Freire meninggal pada 2 Mei 1997, dalam usia 75, akibat penyakit jantung. Selama hidupnya, ia menerima beberapa gelar doktor honoris causa dari berbagai universitas di seluruh dunia. Ia juga menerima beberapa penghargaan, di antaranya:

  1. UNESCO’s Peace Prize tahun 1987 
  2. Dari The Association of Christian Educators of the United States sebagai The Outstanding Christian Educator pada tahun 1985. 
  3. Penghargaan Raja Baudouin (Belgia) untuk Pembangunan Internasional.


Karya-karya Freire
  1. Education As The Practice Of Freedom. Buku ini dibuat Freire atas hasil analisisnya terhadap kegagalan dalam melakukan emansipasi di Brazil, buku ini ditulis didalam penjara sebab aktivitas subversive Freire ia tertangkap oleh militer yang berhasil meruntuhkan rezim goulart, dan memerintahkan untuk mengintimidasi seluruh geraka prograsif, termasuk salah satunya adalah gerakan pemberantasan buta huruf Freire, maka Freire pun dipenjara selama 70 hari. Buku ini kemudian diselesaikan di Cile dalam masa pembuangannya. Buku ini menjelaskan tentang apa pandangan filosofis dari apa yang terwujud dari masyarakat untuk mentransformasi sejarah menjadi subjek melalui suatu refleksi yang kritis. 
  2. Pedagogy of the Opressed (1970), salah satu karya Freire yang terkenal , dibuatnya ketika Freire mulai menagkap realita kongkret yang terjadi atas kenyataan perang yang dilancarkan Amerika terhadap Vietnam, dimana tekanan dan penindasan terhadap kehidupan ekonomi dan politik dunia ketiga berlangsung secara tak terbatas. Berdsarkan kenyataan tersebut Freire mulai memperluas definisinya tentang persoalan dunia ketiga dari masalah geografis ke konsep politis, dalam buku ini tema kekerasan menjadi pokok bahasan utama, menurut Freire pendidikan menjadi jalur permanen terwujudnya pembebasan.
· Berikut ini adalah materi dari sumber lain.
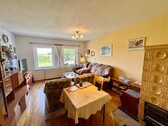 Wohnzimmer - Einfamilienhaus mit 120,00 m² in Neuenkirchen / Neverin zum Kaufen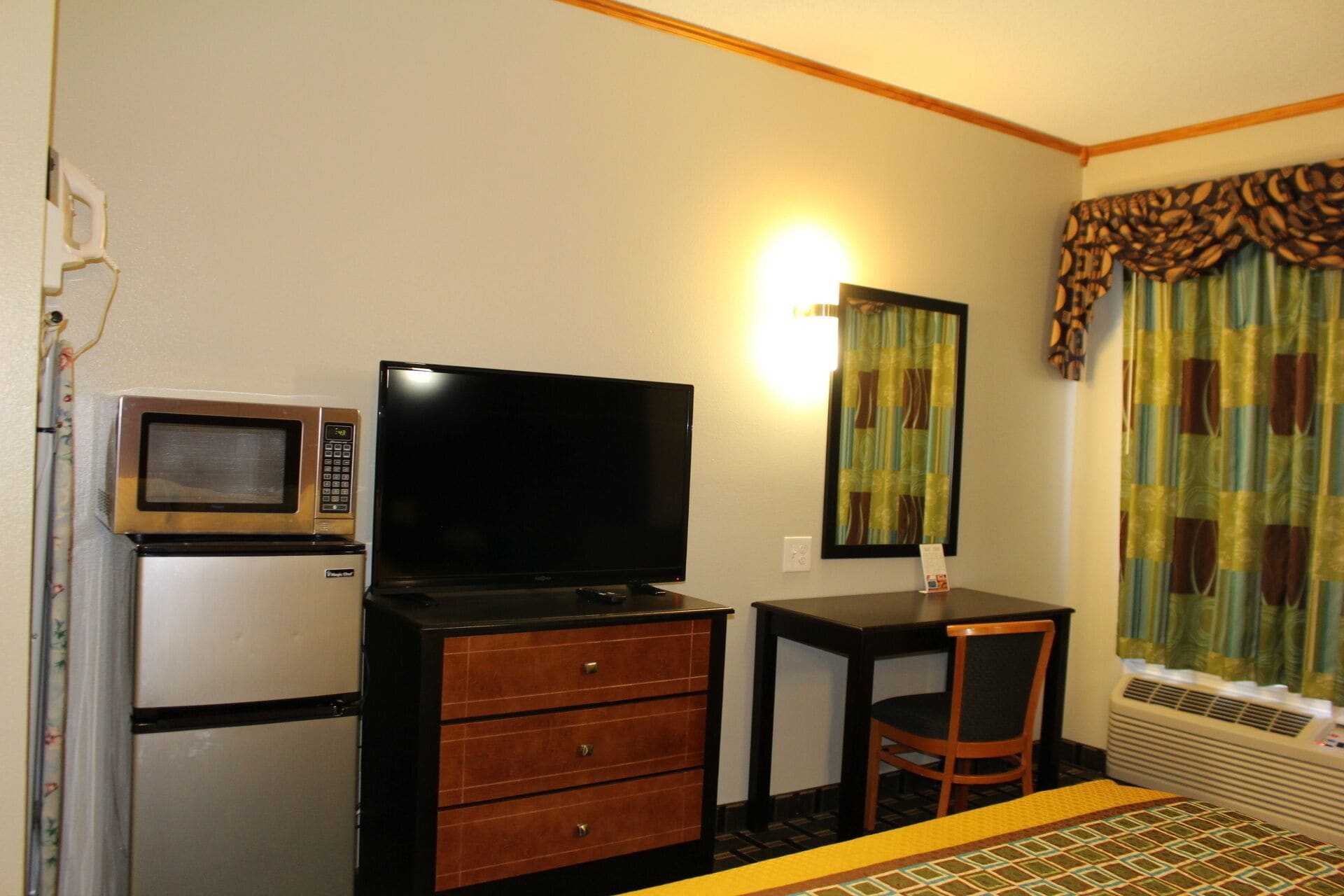 Habitación de hotel con televisión, microondas, escritorio, silla y ventana con cortinas.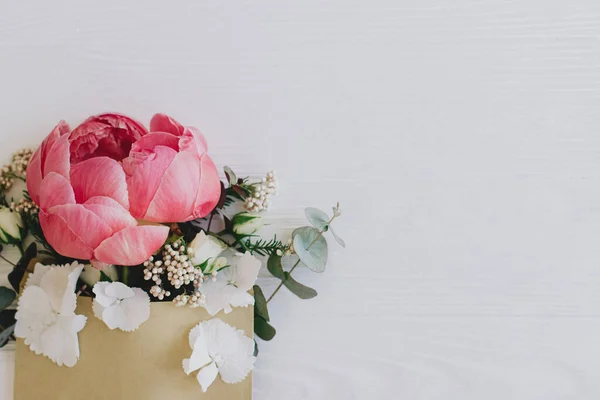 白い木の上のクラフトエンベロープから成長する牡丹 白い花やユーカリ テキストのためのスペースとフラットレイアウト 創造的な花の挨拶カードまたはメッセージの概念を送る 幸せな母の日とバレンタイン — ストック写真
Dalam buku ini Freire berusaha menyajikan pandangan filosofis dari apa yang terwujud dari para laki-laki dan perempuan untuk mentransformasi sejarah dan menjadi subjek melalui satu refleksi yang kritis. 
  3. Cultural Action for Freedom(1970), buku yang ditulis Freire pada tahun yang sama pembuatan karya Pedagogy of the Oppressed. Dalam buku ini Freire membahas masalah perubahan-perubahan kultural yang terjadi dalam reformasi agraria berjalan seiring dengan pengajaran dan pembelajaran ketrampilan baru. 
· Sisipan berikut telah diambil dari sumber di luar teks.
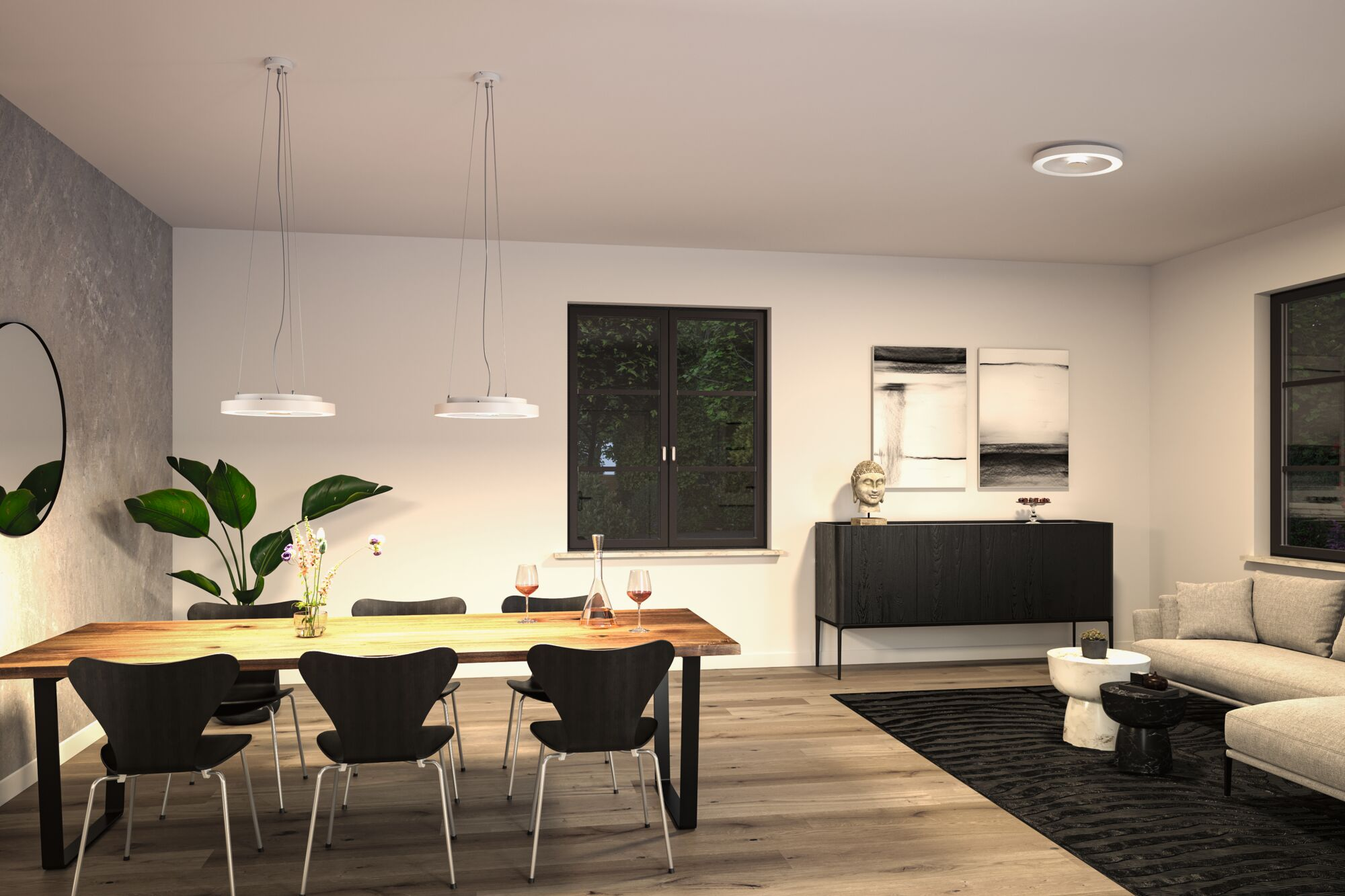 Esszimmer mit langem Holztisch, schwarzen Stühlen und Pendelleuchten. Hell, modern.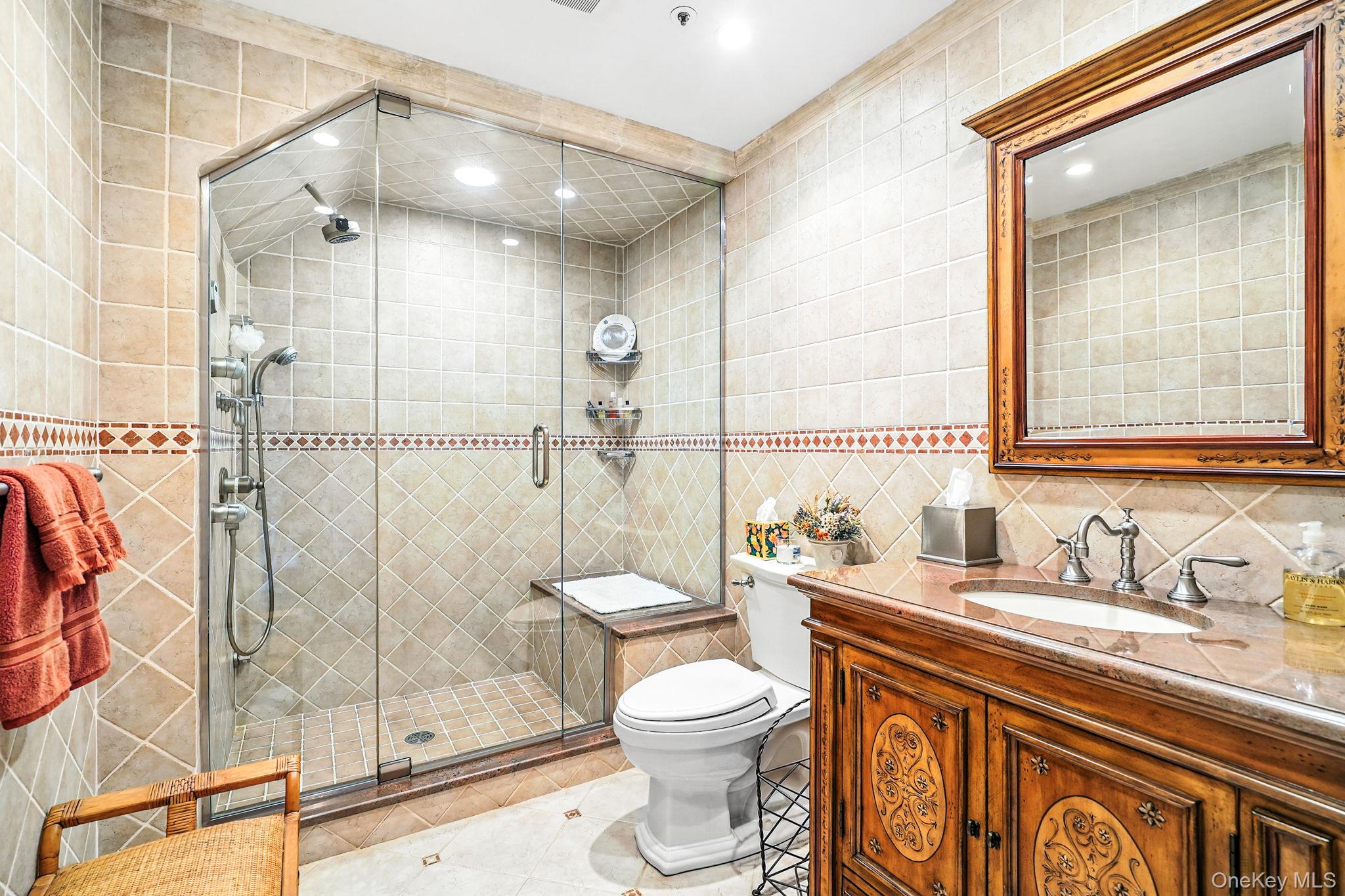 33 Hevelyne Road Elmsford, NY 10523 - Photo 33 of 43 Bathroom in terrace level, featuring tile walls, a shower stall, vanity, light tile patterned floors, and backsplash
  4. Tahun 1969-1970 Freire menerbitkan dua buah artikel untuk Harvard Educational Review yang berjudul “Adult Literacy Process as Cultural Action for Freedom” dan “Cultural Action an Conscientization”. Kedua artikel ini memuat hamper seluruh teori kependidikannya kedalam bahasa Inggris yang pertama karena karya-karya tulisnya yang lain selalu dalam bahasa Spanyol dan Portugis. 
  5. Buku Pedagogy of the Heart (1999) merupakan buku paling menarik karena Freire berusaha melihat kedalam hidupnya sendiri untuk berefleksi tentang pendidikan dan politik. Freire menampilkan dirinya sebagai democrat yang tidak engenal kompromi dan pembaharu radikal yang gigih, pengalamannya semasa dalam pembuangan hingga pengalamannya dalam menjabat sebagai mentri pendidikan Sao Paolo justru semakin memperbesar komitmennya kepada orang-orang terpinggir, lapar dan buta huruf akibat rezim Brazil yang menindas.